Antalyaspor’un resmi sitesinden yaptığı açıklama şu halde:
Trabzonspor Kulübü Lideri Sayın Ahmet Ağaoğlu’nun Trabzonspor resmi mecmuasının Haziran-Temmuz sayısında yaptığı açıklamayı hayret ve şaşkınlıkla okuduk.
Açıklamada Sayın Ağaoğlu’nun, “Saha kenarında Antalyaspor hocası ortamı anlamsız bir formda gerdi. Bir final maçı olur anlarım ancak seyirciyi tahrik edecek davranışların içinde bulunması beni ürküttü.” sözleri akla, mantığa ve gerçeğe büsbütün terstir.
30 Nisan 2022 tarihinde oynanan, bitmemiş olmasına karşın binlerce seyircinin alana girerek teknik heyet ve oyuncularımızın can güvenliğinin tehlikeye atılması sonucu özür dilemesi gerekenlerin, aklıselim davranıp hakkımız olmasına karşın alandan çekilmeyerek asil bir duruş sergileyen kulübümüze, en başta Türk futbolunun marka kıymeti ismine teşekkür etmesi gerekenlerin bu argümanları büsbütün mesnetsizdir.
Sayın Ağaoğlu, açıklamasının devamında “Ondan sonra on dakika fazla bir şey hatırlamıyorum. On dakikalık kopukluk var bende.” sözleri aslında bir manada bizi doğrular niteliktedir.
Futbol Sorumlumuz Nuri Şahin’in kelamda bir gerginlik yarattığını, kelamda seyirciyi tahrik ettiğini, kopukluk anında hatırlamayı başaran Sayın Başkan’ın, bir özür ve teşekkürü de hatırlamasını bekliyoruz.

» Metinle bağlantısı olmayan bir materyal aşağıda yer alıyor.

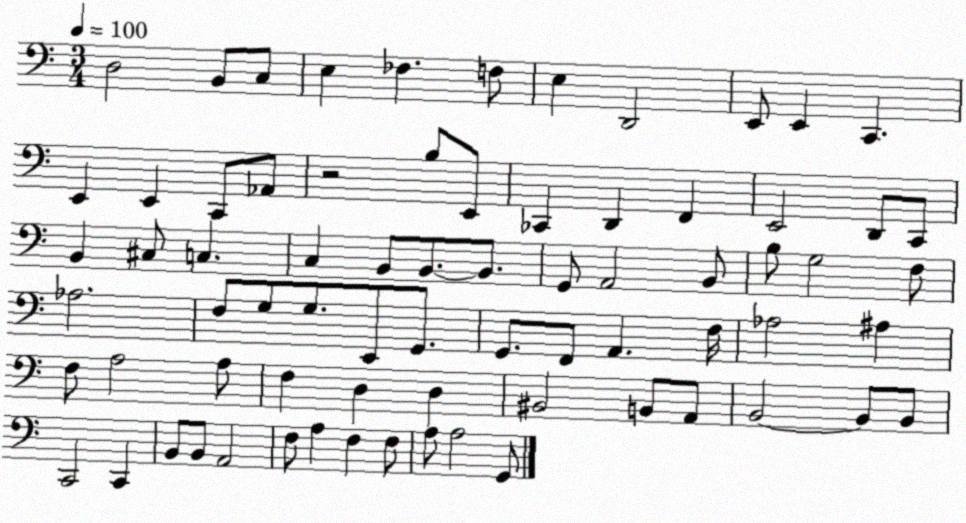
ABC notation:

Ancak Sayın Ağaoğlu’nun, röportajın sonunda “Taraftar olsaydım alana ben de atlardım” tabirlerini okuyunca çok fazla şey beklediğimizin de farkına vardık.
Başkanımız Av. Aziz Çetin’in, taraftarının grubunu sahiplenmesini tüm Türkiye’ye örnek gösterdiği Trabzonspor’u temsil eden Sayın Ağaoğlu’nun efendi kişiliği, çalışkanlığı, saha içinde kalmaya ihtimam gösteren ve futbol kamuoyunca takdir edilen Nuri Şahin’i bu çeşit bir töhmet altında bırakmasını asla kabul etmiyoruz.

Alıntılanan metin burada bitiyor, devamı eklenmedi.